By Nikki Hedrick
Pelican Pickers are a different type of band. They aren’t cutting a new album or playing the biggest venues. They are cultivating a sense of community and altruism.
“We tend to play for nursing homes, and rehab centers, (and) other churches,” says longtime member Dale Palmer.
The Pelican Pickers began as a dulcimer group, an instrument of European origin but with deep roots in Appalachian music. “Just about every town in the United States has a dulcimer group,” says Palmer. He lists Opp and Mobile, Alabama, along with Pensacola, as towns with active dulcimer groups. “There are festivals every year.
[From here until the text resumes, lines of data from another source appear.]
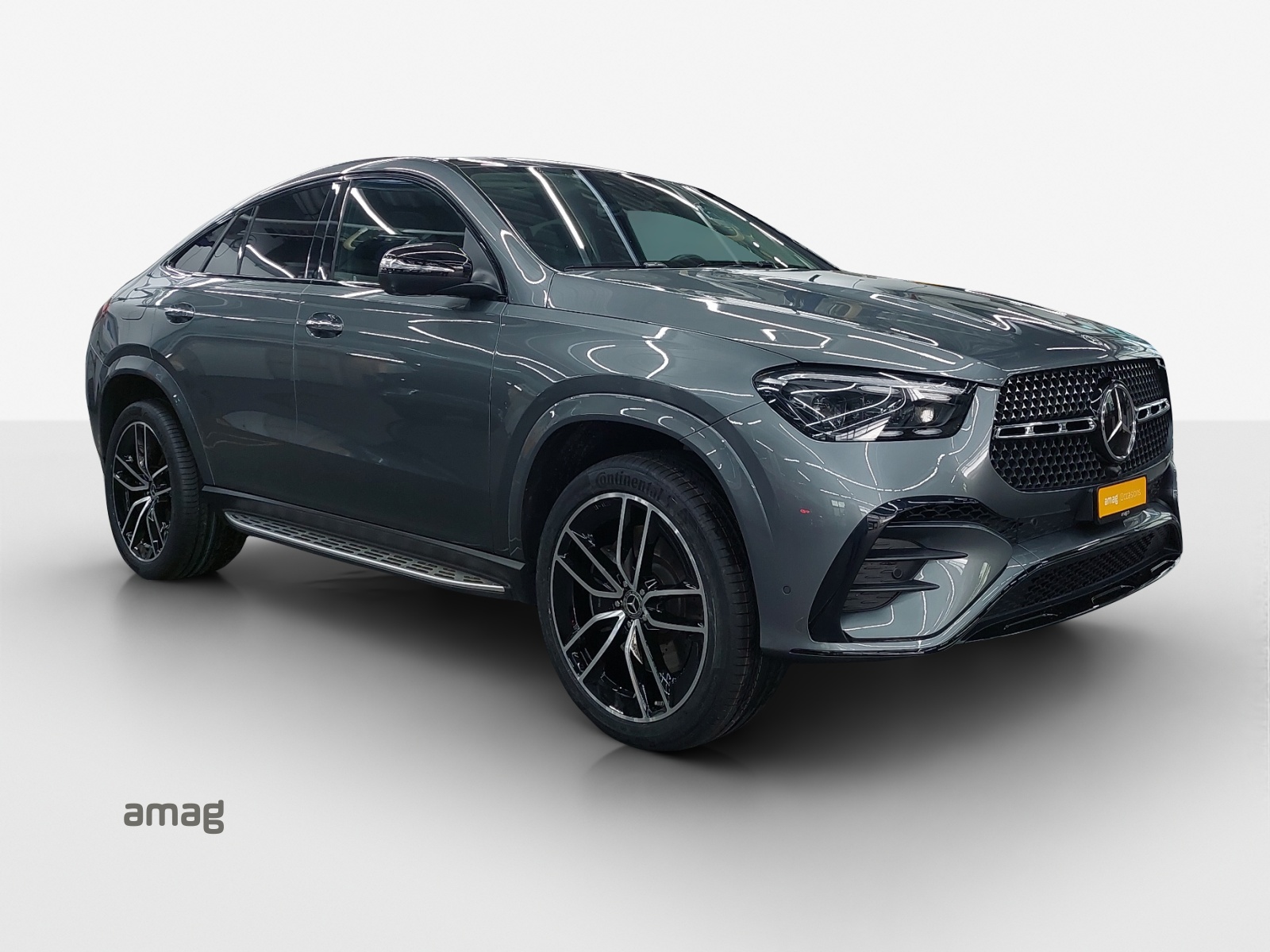 MERCEDES-BENZ GLE Coupé 450 d 4Matic+ 9G-Tronic-image-5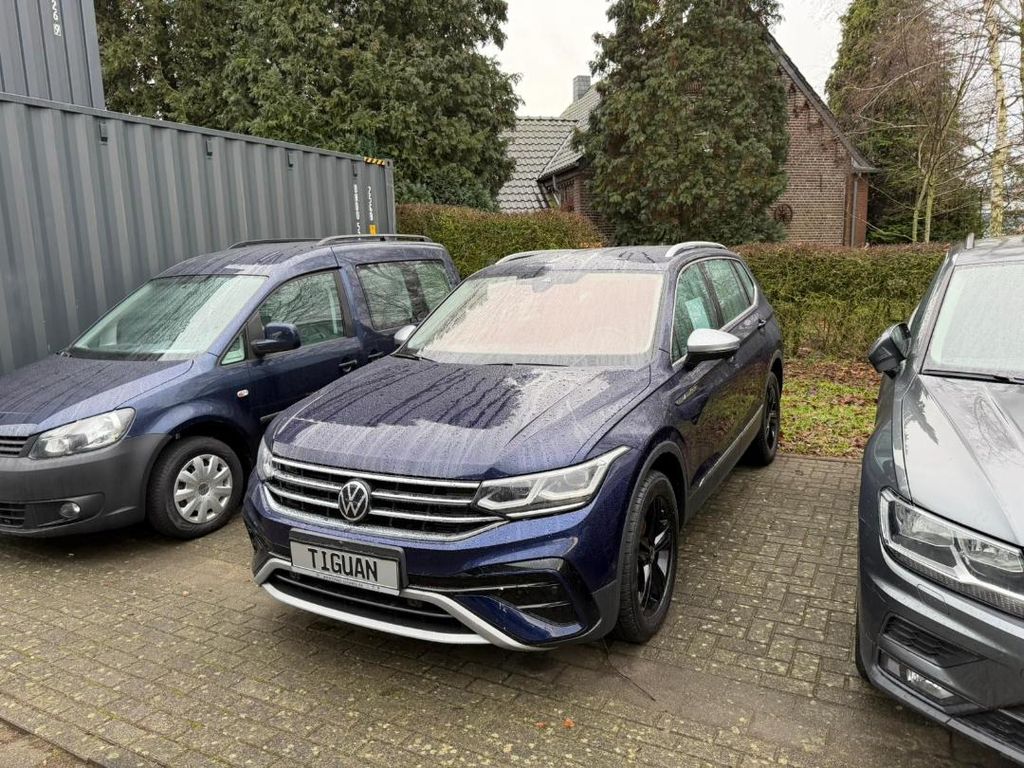 Volkswagen Tiguan Allspace 2023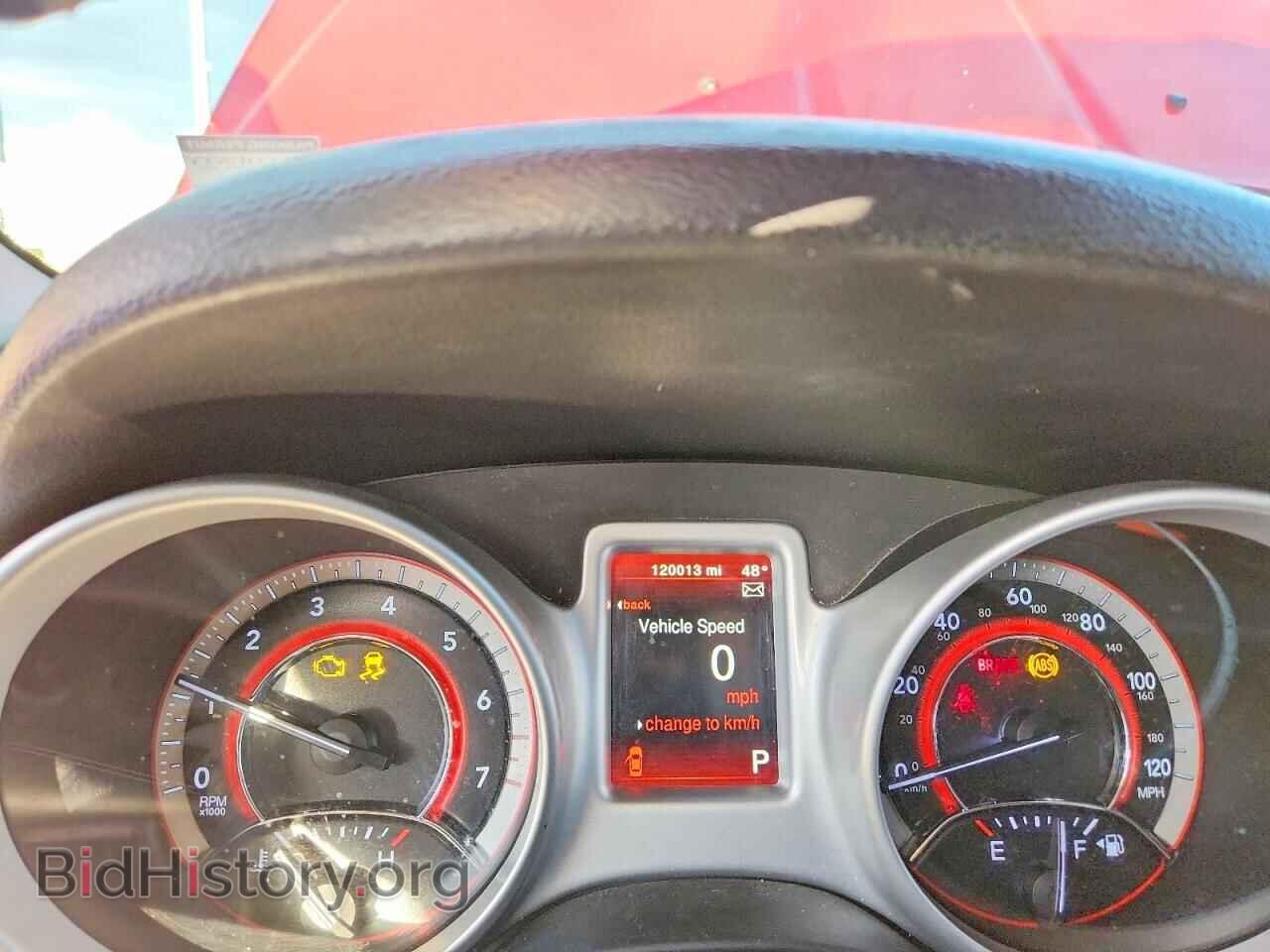 2017 DODGE JOURNEY - VIN: 3C4PDDBG8HT575174 - Фото 9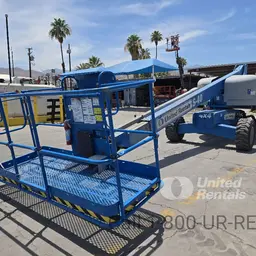2018 Genie S-40 Boom Lift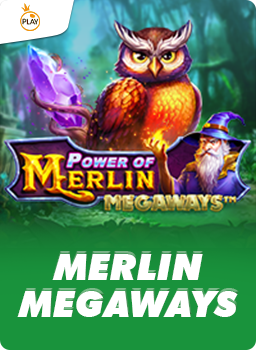 Power of Merlin Megaways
We’ve even gone to Mississippi and southern Florida.
“The mountain dulcimer is something thought to be an easy instrument to learn for older folks. People who have retired and want to learn some kind of a musical instrument, mountain dulcimer—also called lap dulcimer, also called a hog fiddle—that’s the thing that they can easily learn on.”
Although the dulcimer may have center stage, the group is open to any acoustic instrument. They even have adapted to recent trends. “With the booming popularity of ukuleles, we’ve decided to do every other week a ukulele week,” says Palmer of their regular jam session schedule.
Nearly 20 years ago, Don Kirby was the music minister at the Shalimar Baptist Church. During that time he shared his love of the dulcimer, and others decided they wanted to learn to play. By Palmer’s account, around 10 church members formed the seeds of the Pelican Pickers.
Kirby then put in an ad in the paper, welcoming any acoustic instrument to join. That’s when Palmer joined the group.
Although the Pelican Pickers have long called Shalimar Baptist Church home to their weekly jam sessions, it’s not a church activity. Everybody is welcome to join, listen or participate.
Currently, the group consists of 11 regular members meeting every Monday at 6 PM to play through a mixture of country music, public domain tunes, hymns, and maybe even Prince’s “Purple Rain.”
Outside of those jams, the Pelican Pickers look to spread a little joy wherever they are invited. On the occasion they receive payment, they turn that over to the church out of appreciation for their ongoing jam space.
Whether you’ve long been playing an instrument or just beginning, the Pelican Pickers are ready to open their weekly jam to you. And it’s never too late to learn.
“It is very relaxing,” says Palmer. “You have to pretty much concentrate on what you’re doing, and so whatever else might be bothering you in your lifetime…you know, you can’t focus on two things at the same time. When you’re playing music, that’s where your brain is. I think that’s very healthy. It’s very relaxing.”